[Start of Attachment]

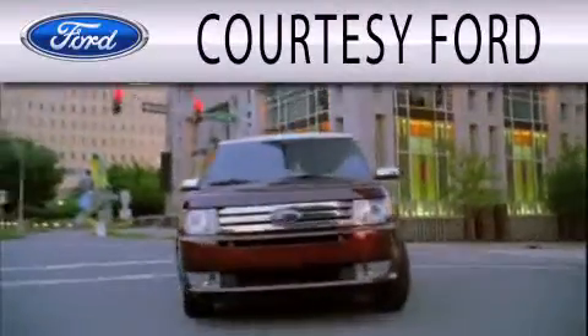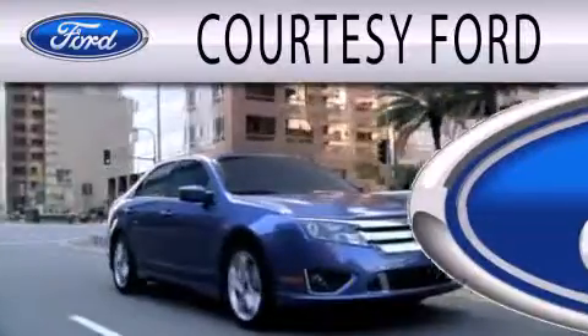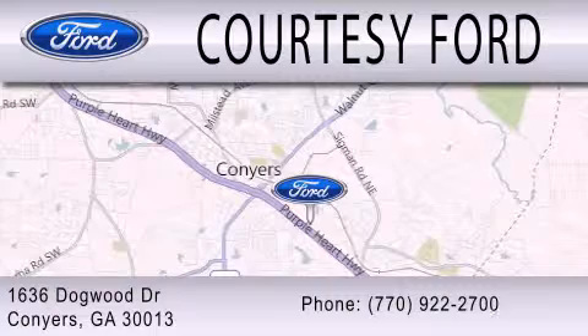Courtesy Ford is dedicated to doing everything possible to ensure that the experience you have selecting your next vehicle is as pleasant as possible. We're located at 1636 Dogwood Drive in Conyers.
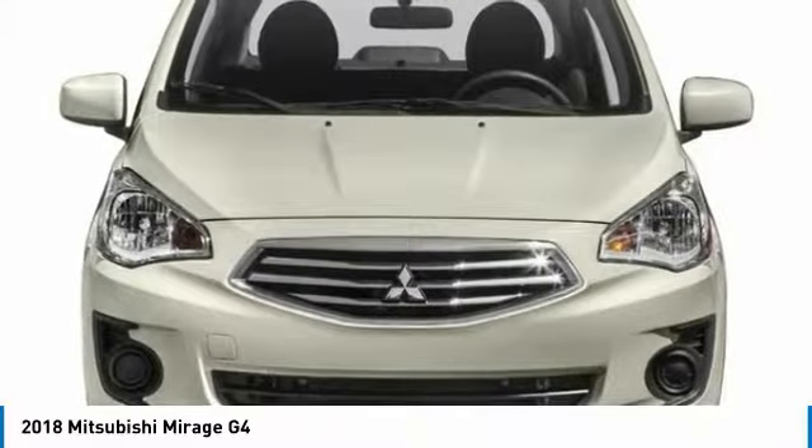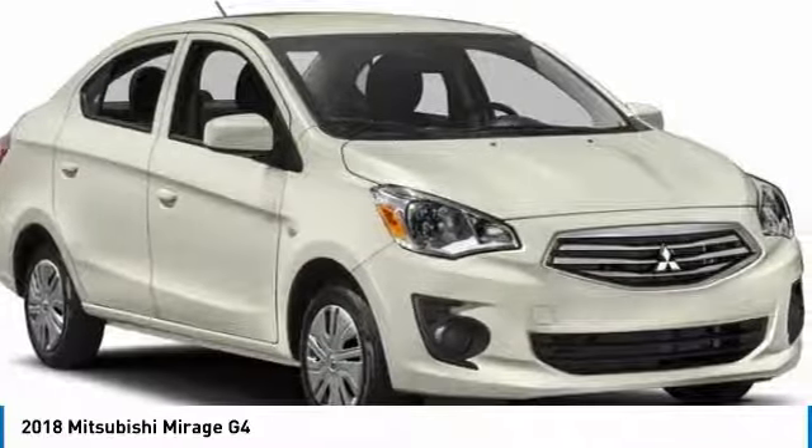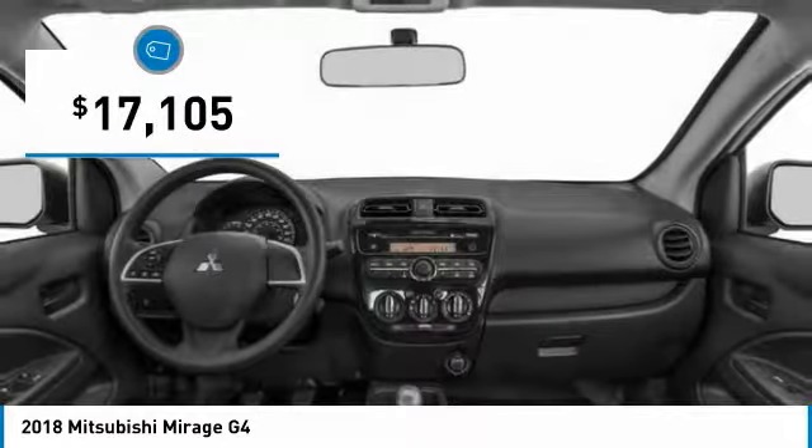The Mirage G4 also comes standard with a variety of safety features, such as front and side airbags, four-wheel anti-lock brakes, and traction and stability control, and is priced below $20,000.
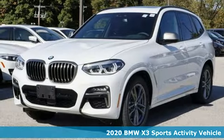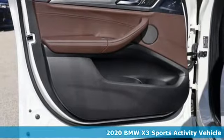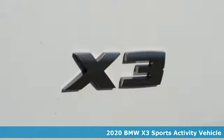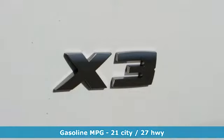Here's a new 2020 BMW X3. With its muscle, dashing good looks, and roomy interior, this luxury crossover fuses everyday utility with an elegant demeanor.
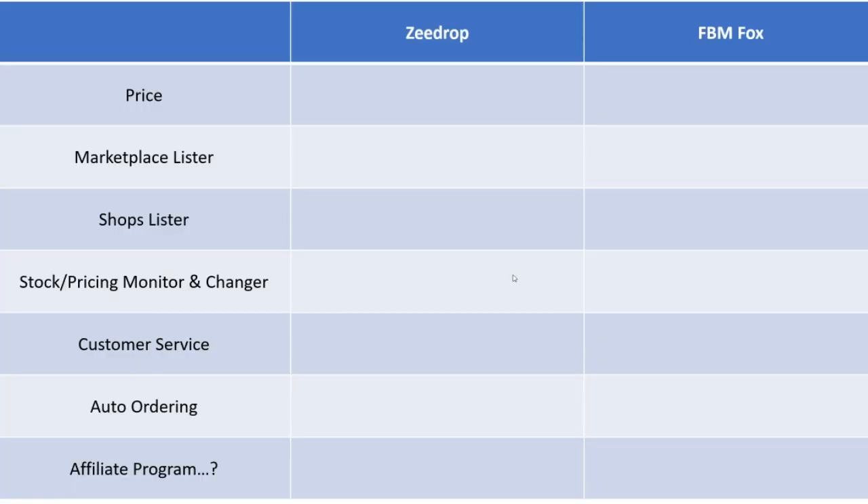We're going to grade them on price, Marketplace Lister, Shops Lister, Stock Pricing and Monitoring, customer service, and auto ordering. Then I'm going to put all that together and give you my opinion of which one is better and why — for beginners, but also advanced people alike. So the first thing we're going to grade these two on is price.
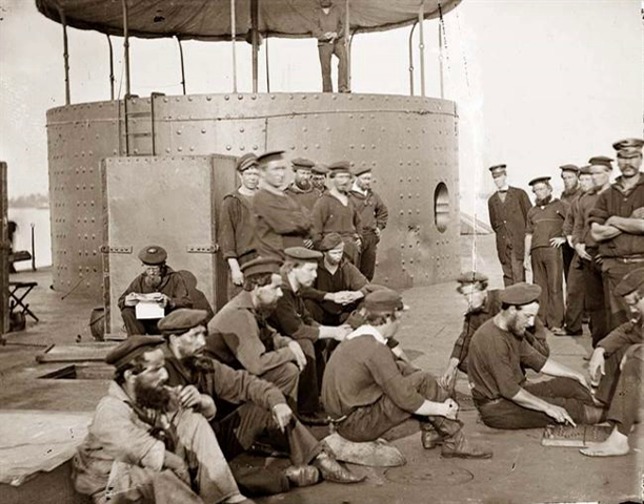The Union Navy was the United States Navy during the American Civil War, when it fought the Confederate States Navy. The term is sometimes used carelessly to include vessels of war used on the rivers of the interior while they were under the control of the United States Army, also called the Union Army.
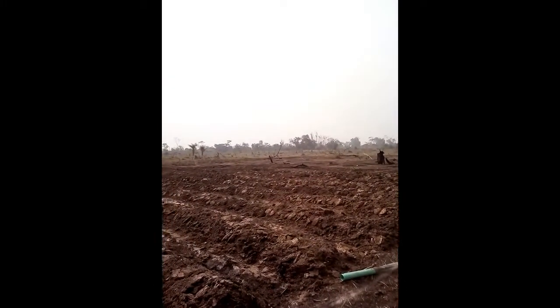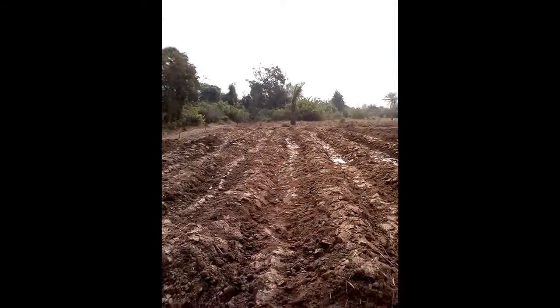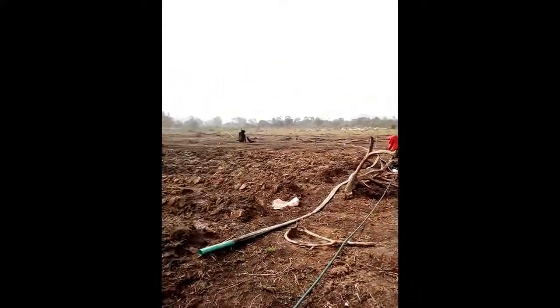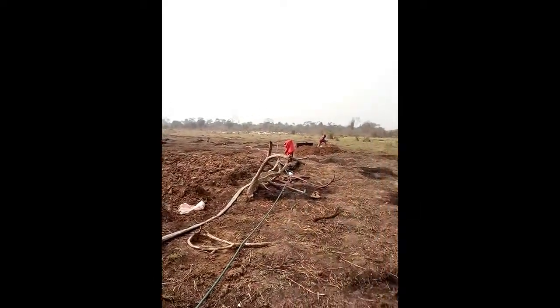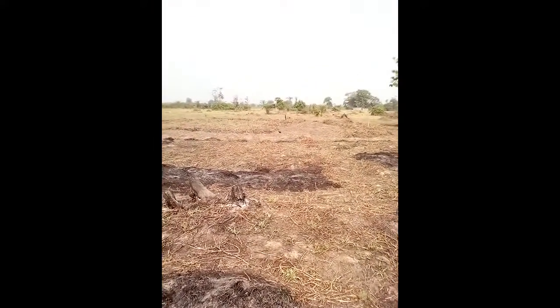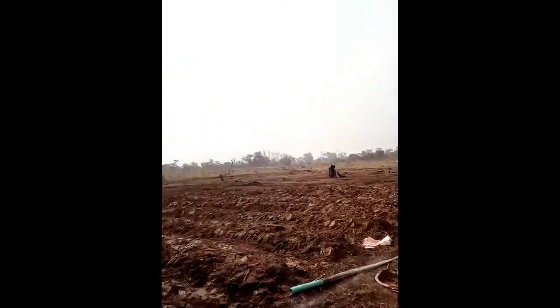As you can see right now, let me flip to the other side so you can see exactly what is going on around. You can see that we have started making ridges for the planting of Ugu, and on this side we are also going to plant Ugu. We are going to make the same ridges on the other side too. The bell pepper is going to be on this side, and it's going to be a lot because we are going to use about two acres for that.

[End of Attachment]

-- To do --
Would you write out every record word for word, leaving no picture in?

-- Reply --
Courtesy Ford is dedicated to doing everything possible to ensure that the experience you have selecting your next vehicle is as pleasant as possible. We're located at 1636 Dogwood Drive in Conyers.
The Mirage G4 also comes standard with a variety of safety features, such as front and side airbags, four-wheel anti-lock brakes, and traction and stability control, and is priced below $20,000.
Here's a new 2020 BMW X3. With its muscle, dashing good looks, and roomy interior, this luxury crossover fuses everyday utility with an elegant demeanor.
We're going to grade them on price, Marketplace Lister, Shops Lister, Stock Pricing and Monitoring, customer service, and auto ordering. Then I'm going to put all that together and give you my opinion of which one is better and why — for beginners, but also advanced people alike. So the first thing we're going to grade these two on is price.
The Union Navy was the United States Navy during the American Civil War, when it fought the Confederate States Navy. The term is sometimes used carelessly to include vessels of war used on the rivers of the interior while they were under the control of the United States Army, also called the Union Army.
As you can see right now, let me flip to the other side so you can see exactly what is going on around. You can see that we have started making ridges for the planting of Ugu, and on this side we are also going to plant Ugu. We are going to make the same ridges on the other side too. The bell pepper is going to be on this side, and it's going to be a lot because we are going to use about two acres for that.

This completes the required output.